As we can see, the basic logic of this task includes at least one regular expression (using indexOf and substring will be much more resource intensive with such complexity) and 3 cycles (which should be made as fast as possible). Recently there was an article about the fastest methods of sorting elements , I will not list all the possibilities, I will just focus on some aspects.

Brute force array

Let us declare some array a , with the elements of which we perform some actions. We need to iterate over all elements strictly ascending (order is important), i.e. just while(i--) we cannot use. The most common method now is the usual for :

  var j = 0,
	 item,
	 len = a.length;
 for (var j = 0, item = a [j]; item; item = a [j ++]) {
	 item ++;
 }

Naturally, he is 30–40% slower than the following while :

  var j = 0,
	 item,
	 len = a.length;
 while (j <len) {
	 item = a [j ++];
	 item ++;
 }

However, if we need to perform any actions with an array element, then without caching it into a local variable can not do. In this case, the next option with while (through checking the existence of elements with an increment) will be even faster by 5–10%:

  var j = 0,
	 item;
 while (item = a [j ++]) {
	 item ++;
 }

It is obvious that for all three cycles in YASS it is used.

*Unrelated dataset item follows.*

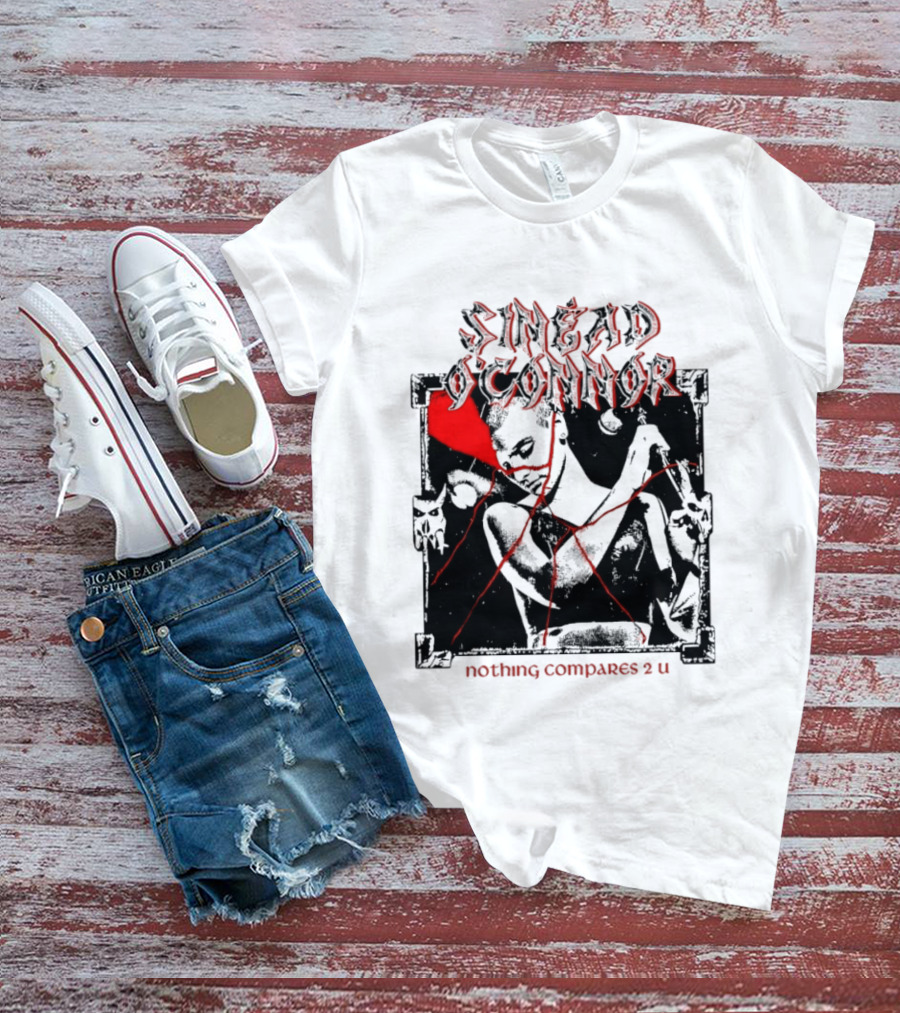 Sinead O'Connor Nothing Compares 2 U Abstract Red Grunge Aesthetic T-Shirt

If the order of the elements is absolutely not important to us (for example, you just need to find the right one or return false ), then it will be logical to use the reverse while :

  while (idx--) {
	 sets [idx] .yeasss = null;
 }

It is this code that is used to reset an element of a flag that marks the state "selected." Let's consider why this flag is needed, and why it should be reset.

Uniqueness of elements

One of the main problems in the selection of elements for the CSS-selector is the correctness of the final set. In the case of div p , we may have nested div , and if we just iterate through all the parent elements and combine the resulting children, then the final set will contain duplicates. To avoid this kind of error, we need to somehow mark the elements that we have chosen.

This is a standard task, and it is solved, in principle, also standard: in all libraries, a certain property of DOM nodes is brought up, which is responsible for the “selected” state. This approach has several drawbacks (for example, you need to extend this solution to the case of asynchronous samples of elements and understand that every access to elements of the tree is resource-intensive), but in most cases it allows eliminating non-uniqueness of elements.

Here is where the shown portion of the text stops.